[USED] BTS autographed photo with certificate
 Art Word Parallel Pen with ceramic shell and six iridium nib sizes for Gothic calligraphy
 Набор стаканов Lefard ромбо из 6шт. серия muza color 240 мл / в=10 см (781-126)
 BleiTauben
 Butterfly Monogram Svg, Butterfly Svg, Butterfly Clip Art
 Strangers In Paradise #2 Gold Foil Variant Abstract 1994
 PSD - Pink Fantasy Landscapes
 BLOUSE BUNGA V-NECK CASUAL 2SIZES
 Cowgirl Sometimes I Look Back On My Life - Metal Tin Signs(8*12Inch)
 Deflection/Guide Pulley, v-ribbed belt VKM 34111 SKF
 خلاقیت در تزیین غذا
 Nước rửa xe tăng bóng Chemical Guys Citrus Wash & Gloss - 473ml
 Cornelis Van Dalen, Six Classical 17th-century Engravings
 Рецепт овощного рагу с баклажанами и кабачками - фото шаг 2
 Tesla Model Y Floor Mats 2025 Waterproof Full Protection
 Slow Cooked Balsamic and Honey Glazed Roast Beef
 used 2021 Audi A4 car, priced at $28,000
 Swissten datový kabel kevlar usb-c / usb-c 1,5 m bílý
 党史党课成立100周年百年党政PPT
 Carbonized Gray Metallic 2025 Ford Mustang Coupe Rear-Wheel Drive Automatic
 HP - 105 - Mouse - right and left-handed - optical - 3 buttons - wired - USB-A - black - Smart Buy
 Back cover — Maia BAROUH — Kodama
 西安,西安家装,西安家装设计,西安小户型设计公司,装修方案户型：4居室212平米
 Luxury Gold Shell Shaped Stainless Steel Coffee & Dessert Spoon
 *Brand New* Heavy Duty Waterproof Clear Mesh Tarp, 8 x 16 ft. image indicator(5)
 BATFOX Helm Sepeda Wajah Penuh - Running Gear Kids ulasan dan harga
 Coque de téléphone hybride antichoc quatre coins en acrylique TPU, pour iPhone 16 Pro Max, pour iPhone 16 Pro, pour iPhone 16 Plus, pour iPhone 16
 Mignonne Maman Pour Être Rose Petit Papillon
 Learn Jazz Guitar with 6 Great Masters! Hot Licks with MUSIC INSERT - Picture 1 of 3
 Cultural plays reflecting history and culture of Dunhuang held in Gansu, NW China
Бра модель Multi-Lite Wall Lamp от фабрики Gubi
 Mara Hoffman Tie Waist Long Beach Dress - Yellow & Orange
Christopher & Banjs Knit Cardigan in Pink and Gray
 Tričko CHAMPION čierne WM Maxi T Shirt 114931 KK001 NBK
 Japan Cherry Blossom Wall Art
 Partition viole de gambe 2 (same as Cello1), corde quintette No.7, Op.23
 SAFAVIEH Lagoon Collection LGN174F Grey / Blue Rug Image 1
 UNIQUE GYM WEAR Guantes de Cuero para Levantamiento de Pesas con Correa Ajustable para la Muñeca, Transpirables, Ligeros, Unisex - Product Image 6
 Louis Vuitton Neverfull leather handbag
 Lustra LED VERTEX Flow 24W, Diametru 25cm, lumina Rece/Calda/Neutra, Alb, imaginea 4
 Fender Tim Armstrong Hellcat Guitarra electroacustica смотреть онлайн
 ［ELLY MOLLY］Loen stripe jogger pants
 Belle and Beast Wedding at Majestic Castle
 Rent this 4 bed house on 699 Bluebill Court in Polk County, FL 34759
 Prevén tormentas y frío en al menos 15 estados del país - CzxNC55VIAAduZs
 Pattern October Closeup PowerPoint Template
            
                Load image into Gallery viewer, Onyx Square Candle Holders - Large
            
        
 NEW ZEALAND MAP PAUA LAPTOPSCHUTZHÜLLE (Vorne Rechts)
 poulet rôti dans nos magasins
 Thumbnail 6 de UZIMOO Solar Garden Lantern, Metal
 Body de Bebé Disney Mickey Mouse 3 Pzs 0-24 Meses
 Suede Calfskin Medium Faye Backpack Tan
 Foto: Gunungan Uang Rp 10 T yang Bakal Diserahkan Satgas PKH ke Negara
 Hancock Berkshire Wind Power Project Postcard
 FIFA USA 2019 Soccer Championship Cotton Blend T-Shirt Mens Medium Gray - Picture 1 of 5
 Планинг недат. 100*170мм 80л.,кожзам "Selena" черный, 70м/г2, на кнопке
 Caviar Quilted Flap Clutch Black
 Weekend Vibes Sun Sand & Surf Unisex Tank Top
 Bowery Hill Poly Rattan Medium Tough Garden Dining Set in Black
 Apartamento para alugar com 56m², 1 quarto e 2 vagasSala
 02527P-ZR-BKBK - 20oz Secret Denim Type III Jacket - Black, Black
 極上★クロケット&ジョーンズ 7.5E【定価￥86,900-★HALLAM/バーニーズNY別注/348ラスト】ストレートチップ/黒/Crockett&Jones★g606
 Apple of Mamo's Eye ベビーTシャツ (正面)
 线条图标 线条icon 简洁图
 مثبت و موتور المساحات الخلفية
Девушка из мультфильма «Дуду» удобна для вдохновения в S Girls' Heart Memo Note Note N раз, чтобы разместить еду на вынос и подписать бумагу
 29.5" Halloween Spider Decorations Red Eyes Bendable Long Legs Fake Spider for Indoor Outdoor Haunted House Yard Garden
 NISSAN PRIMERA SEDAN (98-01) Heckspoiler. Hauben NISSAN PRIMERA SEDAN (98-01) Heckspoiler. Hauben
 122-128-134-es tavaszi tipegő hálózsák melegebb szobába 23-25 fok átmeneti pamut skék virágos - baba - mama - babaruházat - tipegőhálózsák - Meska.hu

ASSIGNMENT → Where does the word "Long" occur in the data? Copy every line that has it.

EXERCISE OUTPUT →
 Mara Hoffman Tie Waist Long Beach Dress - Yellow & Orange
 29.5" Halloween Spider Decorations Red Eyes Bendable Long Legs Fake Spider for Indoor Outdoor Haunted House Yard Garden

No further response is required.